Solve the pair of simultaneous equations
$\log(x + y) = 0$ ...(1)
$2 \log x = \log (y - 1) $ ...(2)
SOLUTION:
$\log (x+y)=0$ in index form becomes $x+y = 10^0$ and so
$x+y=1$ (1)
In (2) we see that the domain of $x$ and $y$ is restricted by $x>0$ and $y-1$>0 (since the log function has domain positive numbers only)

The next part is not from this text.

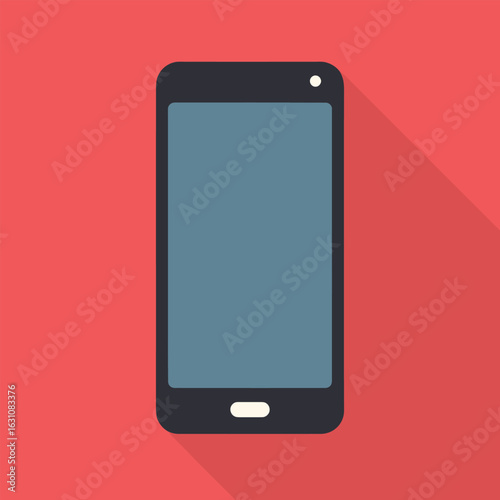 Smartphone Illustration on Red Background Modern Device Design with Shadow Effect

so we must have $x>0$ and $y>1$.
Now using log laws on (2) and converting to index form we have
$\log (x^2) = \log(y-1)$
$\log(x^2) - \log(y-1) = 0$
$ \log( x^2/(y-1) ) = 0 $
$x^2/(y-1) = 10^0$ (index form of previous line)
$x^2/(y-1) = 1 $
$x^2 = y - 1 $
$y = x^2 + 1 $ (2)
So we now have the two simultaneous equations to solve
$x+y=1$ (1)
$y = x^2 + 1$ (2)
(but keeping in mind that $x>0, y>1$ must hold also)
so, $x + x^2 +1 = 1$
$x^2 + x = 0$
$x ( x + 1 )= 0 $
so this gives $x = 0, -1$
but we must have $x>0$ and both of these solutions fail that condition.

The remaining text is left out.